Septembre 2021,
L’écrivain Philippe Jaenada donne à son œuvre littéraire un genre qui lui est propre. Il s’intéresse à des affaires criminelles anciennes et classées – des « cold cases » –, sur lesquelles subsistent des zones d’ombre. Il se lance alors dans des investigations fouillées durant plusieurs mois, allant sur le terrain, épluchant les déclarations des parties prenantes, rencontrant les enquêteurs et les témoins de l’époque – ceux qui vivent encore ! – ratissant les archives de la presse. S’appuyant sur les éléments réunis, il écrit le récit de l’affaire en lui donnant une forme romanesque. Il y met en évidence les discordances et les anomalies de la version officielle, invitant le lecteur à se faire sa propre opinion sur la culpabilité ou l’innocence des prévenus. Il n’oublie pas de se mettre aussi en scène tout au long de ses recherches, avec un sens de l’autodérision qui ne manque ni d’humour ni de narcissisme.
L’arrestation et la condamnation du dénommé Lucien Léger, surnommé l’Etrangleur, ne m’étaient pas inconnues. Bien qu’ancienne, son affaire remontait de temps à autre à la surface : un entrefilet dans la presse écrite, un mot lors d’un journal télévisé, pour mentionner la révision de son procès ou sa libération conditionnelle. Quant au petit Luc Taron, sa victime, je n’ai jamais oublié son nom. J’avais quinze ans en 1964, lorsque son corps fut retrouvé dans une forêt. Nous n’avions pas la télé, je ne lisais pas Le Figaro que recevait mon père, je n’écoutais la radio qu’à l’heure de SLC Salut les copains, et justement, le meurtre était évoqué, très sommairement, lors des flashes d’info d’André Arnaud. Le jeudi, j’allais déjeuner chez mes grands-parents, où je me précipitais sur France-Dimanche ou Ici-Paris, des journaux à scandales de l’époque, avec de grandes photos en noir et blanc. J’avais ainsi découvert et gardé en tête le portrait de Lucien Léger, mais je n’avais jamais lu les articles en détail, étant plus intéressé par les potins consacrés à la vie mouvementée de Brigitte Bardot ou de Liz Taylor.
C’est donc dans Au printemps des monstres, sous la plume de Jaenada, que j’ai perçu le climat de psychose hallucinant des débuts de l’affaire, en juin 1964, suscité par la cinquantaine de messages provocateurs adressés par l’Etrangleur à la presse, à la police, jusqu’au ministre de l’Intérieur.
La première partie du livre est consacrée à l’historique intégral de l’affaire, tel qu’on a pu la vivre à l’époque : la découverte du corps, les premières enquêtes, les fameux messages, l’arrestation de Léger, sa détention, sa libération quarante-et-un ans plus tard, jusqu’à sa mort, puisqu’après avoir avoué, il s’était rétracté, inventant jusqu’à son dernier jour des scénarios à dormir debout, auxquels personne (ou presque) n’aura cru. Trois cents pages au rythme endiablé, au contenu surprenant et captivant.
Dans une deuxième partie, l’auteur s’attache à démontrer l’irréalisme de la version officielle de l’accusation, ayant conduit au verdict du jury. Il oriente son enquête vers des personnages tiers, minables, plus que troubles et même carrément infects – dont le père de la petite victime –, qui auraient plus ou moins manipulé Léger. Au lecteur de se faire une opinion sur ce qu’il s’est réellement passé la nuit de la mort de l’enfant. Trois cents pages intrigantes, mais touffues et parfois redondantes.
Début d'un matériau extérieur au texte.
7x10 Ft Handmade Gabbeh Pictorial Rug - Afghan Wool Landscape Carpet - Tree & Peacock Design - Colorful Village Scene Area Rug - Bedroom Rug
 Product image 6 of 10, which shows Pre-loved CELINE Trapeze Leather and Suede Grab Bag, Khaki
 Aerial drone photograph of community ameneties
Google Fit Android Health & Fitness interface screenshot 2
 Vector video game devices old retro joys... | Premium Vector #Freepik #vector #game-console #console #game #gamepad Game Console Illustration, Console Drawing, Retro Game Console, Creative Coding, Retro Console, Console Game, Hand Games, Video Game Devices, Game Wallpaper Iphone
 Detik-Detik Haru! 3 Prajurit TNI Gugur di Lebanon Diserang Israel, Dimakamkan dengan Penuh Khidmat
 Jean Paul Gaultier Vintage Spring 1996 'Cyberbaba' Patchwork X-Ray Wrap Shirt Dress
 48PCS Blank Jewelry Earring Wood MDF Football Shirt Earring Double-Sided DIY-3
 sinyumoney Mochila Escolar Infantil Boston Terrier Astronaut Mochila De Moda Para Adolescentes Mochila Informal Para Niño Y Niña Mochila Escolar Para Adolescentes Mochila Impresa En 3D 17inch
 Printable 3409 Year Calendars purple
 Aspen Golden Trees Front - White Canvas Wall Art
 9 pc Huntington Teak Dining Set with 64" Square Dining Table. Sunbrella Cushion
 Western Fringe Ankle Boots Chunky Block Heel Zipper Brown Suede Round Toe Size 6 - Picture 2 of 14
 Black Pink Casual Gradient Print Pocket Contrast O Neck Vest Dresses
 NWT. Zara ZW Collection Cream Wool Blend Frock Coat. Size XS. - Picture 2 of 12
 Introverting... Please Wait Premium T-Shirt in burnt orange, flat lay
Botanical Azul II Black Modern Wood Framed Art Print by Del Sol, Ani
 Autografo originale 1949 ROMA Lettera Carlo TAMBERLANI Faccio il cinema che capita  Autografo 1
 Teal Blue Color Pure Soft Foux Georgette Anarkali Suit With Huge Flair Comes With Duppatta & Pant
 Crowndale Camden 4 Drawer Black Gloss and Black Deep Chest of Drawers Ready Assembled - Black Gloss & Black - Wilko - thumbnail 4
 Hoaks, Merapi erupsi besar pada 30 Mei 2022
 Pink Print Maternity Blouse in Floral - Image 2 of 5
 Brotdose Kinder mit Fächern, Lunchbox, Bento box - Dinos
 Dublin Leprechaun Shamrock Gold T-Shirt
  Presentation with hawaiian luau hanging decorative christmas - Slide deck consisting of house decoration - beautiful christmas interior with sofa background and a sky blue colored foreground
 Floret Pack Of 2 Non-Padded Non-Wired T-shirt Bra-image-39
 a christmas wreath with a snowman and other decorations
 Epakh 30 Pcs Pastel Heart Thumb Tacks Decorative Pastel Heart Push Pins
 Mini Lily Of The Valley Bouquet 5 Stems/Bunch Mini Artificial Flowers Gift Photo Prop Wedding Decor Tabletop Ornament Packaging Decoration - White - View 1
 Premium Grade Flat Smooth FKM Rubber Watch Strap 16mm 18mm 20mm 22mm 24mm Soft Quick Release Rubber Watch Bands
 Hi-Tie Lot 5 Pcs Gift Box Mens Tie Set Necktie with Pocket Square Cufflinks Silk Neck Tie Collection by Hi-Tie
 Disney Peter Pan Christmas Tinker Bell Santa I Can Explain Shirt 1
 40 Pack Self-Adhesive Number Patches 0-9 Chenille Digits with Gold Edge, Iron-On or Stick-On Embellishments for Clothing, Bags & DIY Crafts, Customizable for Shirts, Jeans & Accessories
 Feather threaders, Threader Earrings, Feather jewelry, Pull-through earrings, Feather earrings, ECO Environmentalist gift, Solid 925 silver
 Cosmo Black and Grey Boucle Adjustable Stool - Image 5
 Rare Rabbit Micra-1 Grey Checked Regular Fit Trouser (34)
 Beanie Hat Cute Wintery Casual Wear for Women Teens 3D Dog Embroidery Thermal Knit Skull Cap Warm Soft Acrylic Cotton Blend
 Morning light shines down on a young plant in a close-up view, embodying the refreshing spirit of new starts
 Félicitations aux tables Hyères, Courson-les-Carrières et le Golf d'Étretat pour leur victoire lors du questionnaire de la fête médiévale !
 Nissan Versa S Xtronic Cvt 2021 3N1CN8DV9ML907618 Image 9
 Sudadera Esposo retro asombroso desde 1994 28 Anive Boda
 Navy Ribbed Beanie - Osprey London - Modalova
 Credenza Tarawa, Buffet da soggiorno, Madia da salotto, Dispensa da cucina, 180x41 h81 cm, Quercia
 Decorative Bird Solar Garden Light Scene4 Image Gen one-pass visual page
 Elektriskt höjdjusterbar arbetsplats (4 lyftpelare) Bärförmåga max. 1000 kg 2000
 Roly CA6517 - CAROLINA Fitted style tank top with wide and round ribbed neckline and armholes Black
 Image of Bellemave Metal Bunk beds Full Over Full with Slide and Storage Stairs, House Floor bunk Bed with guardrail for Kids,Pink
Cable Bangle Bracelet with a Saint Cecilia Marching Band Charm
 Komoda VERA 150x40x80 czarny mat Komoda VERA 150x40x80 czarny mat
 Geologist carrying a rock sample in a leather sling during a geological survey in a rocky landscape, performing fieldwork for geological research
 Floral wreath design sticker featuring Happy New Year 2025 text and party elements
A l’instar de la couverture, la dernière partie de l’ouvrage est curieusement consacrée à Solange, l’épouse de Lucien Léger, une femme de faible constitution, tant au plan physique que psychologique. La compassion très sentimentale qu’éprouve Jaenada pour cette femme morte en 1970 l’amène à lui dédier, comme en hommage à sa destinée si particulière, cent cinquante pages que j’ai fini par trouver ennuyeuses et répétitives.
L’écriture de Philippe Jaenada est simple, accessible, très agréable. Sur un ton décontracté, il multiplie les digressions, usant et abusant de parenthèses, qui ralentissent la lecture en l’aérant. Il y insère le feuilleton de ses démarches personnelles, très approfondies, sur les traces laissées par les personnages cinquante ans plus tôt. Il y glisse le quotidien de sa vie privée, notamment ses problèmes de santé.
Pour conclure en prenant le risque de me répéter, j’ai aimé passionnément la première partie, menée tambour battant ; comme le public de l’époque, j’ai tout pris au premier degré. La deuxième partie, moins fluide, était évidemment incontournable. J’ai des doutes sur l’intérêt de la troisième.